§ **Problem to work on**: Everything in the data gets repeated exactly, except for the pictures.

§ **Data provided**:
* * *
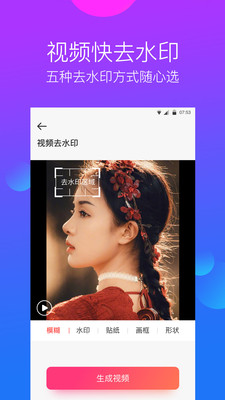 去水印工作室破解版的图册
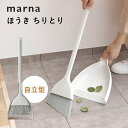 【レビュー特典】マーナ marna ほうき ちりとり2点セット 自立する 玄関 室内 屋外 コンパクト スリム ミニサイズ 掃除用品 壁面収納 掃除道具 ホウキ...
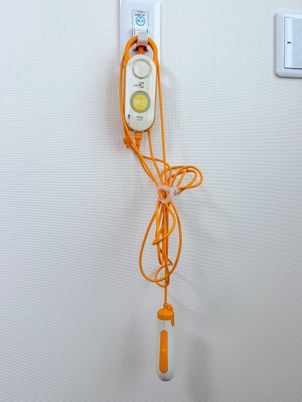 非常用呼出ボタン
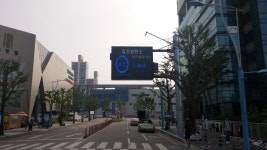 돌다리 대기오염전광판 | 양평군 대기질 정보 제공 대기오염안내 전광판 설치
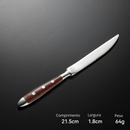 Conjunto Talheres Aço Inoxidável Clássicos Com Cabo Em Madeira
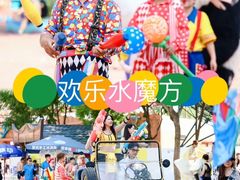 -欢乐水魔方水世界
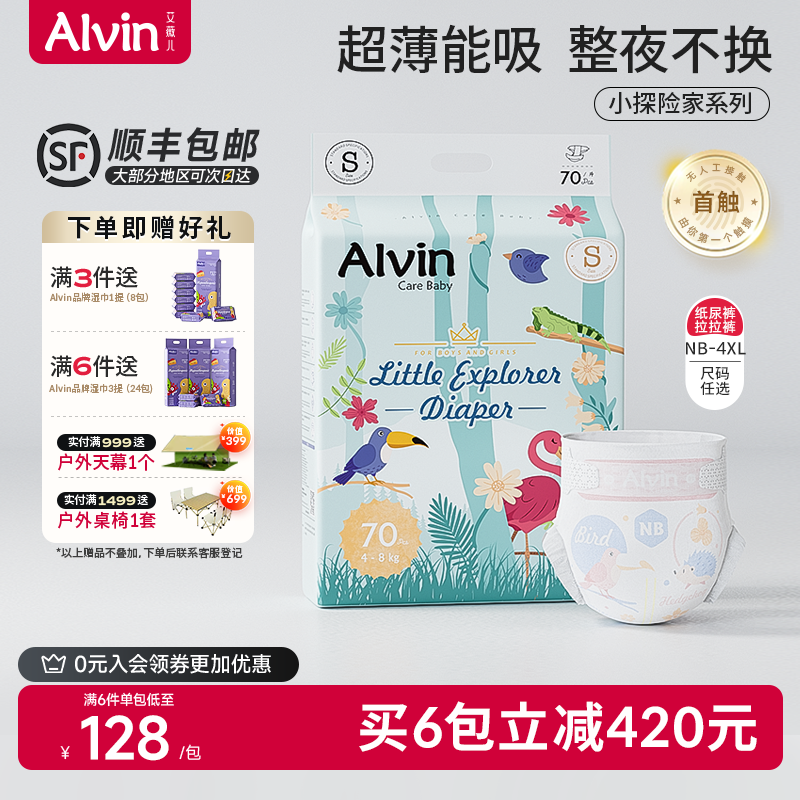 艾薇儿Alvin小探险家系列纸尿裤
* * *
§ **Response**:
 去水印工作室破解版的图册
 【レビュー特典】マーナ marna ほうき ちりとり2点セット 自立する 玄関 室内 屋外 コンパクト スリム ミニサイズ 掃除用品 壁面収納 掃除道具 ホウキ...
 非常用呼出ボタン
 돌다리 대기오염전광판 | 양평군 대기질 정보 제공 대기오염안내 전광판 설치
 Conjunto Talheres Aço Inoxidável Clássicos Com Cabo Em Madeira
 -欢乐水魔方水世界
 艾薇儿Alvin小探险家系列纸尿裤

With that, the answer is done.